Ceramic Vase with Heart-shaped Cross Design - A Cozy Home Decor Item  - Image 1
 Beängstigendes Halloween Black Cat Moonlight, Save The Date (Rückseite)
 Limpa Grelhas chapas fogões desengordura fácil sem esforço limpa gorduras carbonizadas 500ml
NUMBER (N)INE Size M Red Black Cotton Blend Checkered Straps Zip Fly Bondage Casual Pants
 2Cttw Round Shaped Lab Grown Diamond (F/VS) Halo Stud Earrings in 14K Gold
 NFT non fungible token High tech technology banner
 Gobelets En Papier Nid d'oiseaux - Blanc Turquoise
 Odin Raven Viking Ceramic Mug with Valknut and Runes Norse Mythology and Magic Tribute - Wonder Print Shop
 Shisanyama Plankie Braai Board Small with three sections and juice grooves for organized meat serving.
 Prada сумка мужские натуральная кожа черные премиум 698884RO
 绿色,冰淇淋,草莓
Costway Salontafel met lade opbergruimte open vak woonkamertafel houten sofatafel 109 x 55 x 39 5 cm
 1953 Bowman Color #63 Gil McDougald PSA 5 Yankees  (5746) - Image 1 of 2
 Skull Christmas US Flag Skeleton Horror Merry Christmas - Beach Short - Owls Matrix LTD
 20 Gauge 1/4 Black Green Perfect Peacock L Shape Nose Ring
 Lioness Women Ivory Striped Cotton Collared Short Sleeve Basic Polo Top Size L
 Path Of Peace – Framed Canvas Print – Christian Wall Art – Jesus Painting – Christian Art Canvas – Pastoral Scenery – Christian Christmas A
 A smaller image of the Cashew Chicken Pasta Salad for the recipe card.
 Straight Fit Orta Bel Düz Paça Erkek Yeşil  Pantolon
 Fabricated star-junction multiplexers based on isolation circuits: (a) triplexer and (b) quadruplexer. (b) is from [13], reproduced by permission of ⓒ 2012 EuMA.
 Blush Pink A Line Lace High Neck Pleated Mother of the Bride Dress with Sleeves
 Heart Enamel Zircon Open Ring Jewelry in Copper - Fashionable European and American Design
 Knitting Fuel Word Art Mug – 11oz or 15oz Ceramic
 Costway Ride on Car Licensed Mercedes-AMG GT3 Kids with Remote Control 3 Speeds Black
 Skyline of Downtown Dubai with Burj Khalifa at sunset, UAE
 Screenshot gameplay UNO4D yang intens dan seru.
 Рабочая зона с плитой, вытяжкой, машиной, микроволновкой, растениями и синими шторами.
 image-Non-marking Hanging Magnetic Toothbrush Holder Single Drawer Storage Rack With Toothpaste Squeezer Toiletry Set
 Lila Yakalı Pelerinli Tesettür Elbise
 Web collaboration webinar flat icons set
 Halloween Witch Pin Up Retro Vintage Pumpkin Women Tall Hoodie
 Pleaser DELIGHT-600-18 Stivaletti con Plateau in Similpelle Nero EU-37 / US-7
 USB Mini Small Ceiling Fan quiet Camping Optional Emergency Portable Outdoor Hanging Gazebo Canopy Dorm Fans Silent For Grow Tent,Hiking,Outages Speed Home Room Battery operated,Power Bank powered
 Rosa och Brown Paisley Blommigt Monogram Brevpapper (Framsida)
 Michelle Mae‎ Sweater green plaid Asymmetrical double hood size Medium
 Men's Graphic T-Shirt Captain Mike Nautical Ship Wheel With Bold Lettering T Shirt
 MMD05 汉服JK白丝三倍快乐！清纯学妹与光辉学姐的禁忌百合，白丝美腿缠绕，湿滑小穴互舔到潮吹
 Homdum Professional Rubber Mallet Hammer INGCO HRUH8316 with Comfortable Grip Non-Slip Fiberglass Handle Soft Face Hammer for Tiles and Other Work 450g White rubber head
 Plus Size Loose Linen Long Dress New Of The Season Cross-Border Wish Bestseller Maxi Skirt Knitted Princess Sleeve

----

#### WORK ORDER
The word to find is "Dress". Copy every line of the records that holds it.

#### SOLUTION
 Blush Pink A Line Lace High Neck Pleated Mother of the Bride Dress with Sleeves
 Plus Size Loose Linen Long Dress New Of The Season Cross-Border Wish Bestseller Maxi Skirt Knitted Princess Sleeve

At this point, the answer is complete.